Normally, when we think about broader marketing, we think about consumer products. But about 70 per cent of the gross domestic product for any country is business-to-business transactions. Very few of those kinds of companies can rely on television or print advertising because they have a much more targeted market class. Most of those have to rely very largely on the quality of its sales force. And for companies like that, their sales force is actually 80 per cent of their marketing. In consumer goods, sure, there's a bigger role for advertising in terms of creating customer demand. But even those cases usually rely on a sales force to make sure that the distribution channels are mapped and the product is properly positioned in the stores. While it changes from company to company, for many companies sales is the principal marketing activity.
And will it remain so?
I think so.
What are the future projects you would like to work on?
The reception to Discover you Sales Strengths has been really good.

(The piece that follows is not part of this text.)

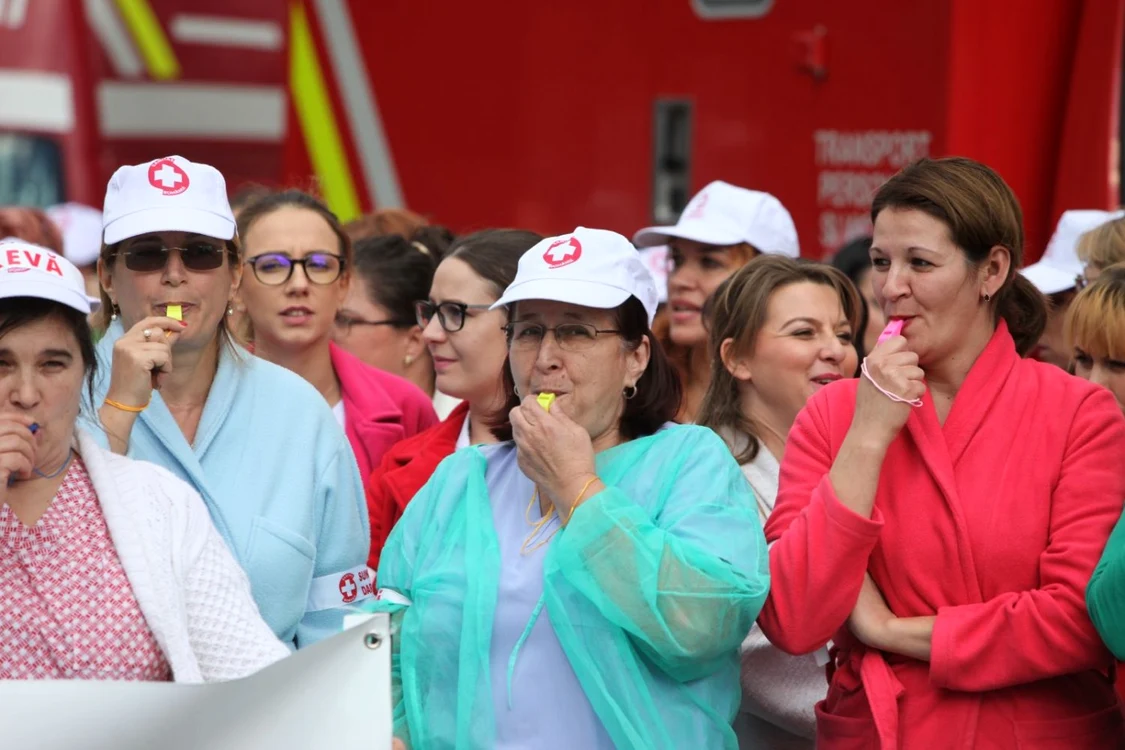 Sindicaliştii Sanitas vor să iasă în stradă FOTO Adevărul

People are already asking us about a similar book for sales managers. And the other area in which I am really interested in, personally, is making the concepts about customer engagement much more well-known. People who draw up marketing plans need to pay much more attention to customer engagement score than market share. Your market share may go up for a couple of years because you have got a great product and your competitors don't. But if your customer engagement scores are not going up, that's business you are going to lose very quickly.
The likely success of any marketing or sales plan, in many cases, hinges on how strong your customer engagement scores are. If you don't have a clear picture of what that looks like, you can and will spend a lot of time on plans that will not pay off for you. I personally believe there's an important educational role to help people see just how important that bit of data is. Even when you are acquiring companies, you can use this data to know if you are getting what you are paying for.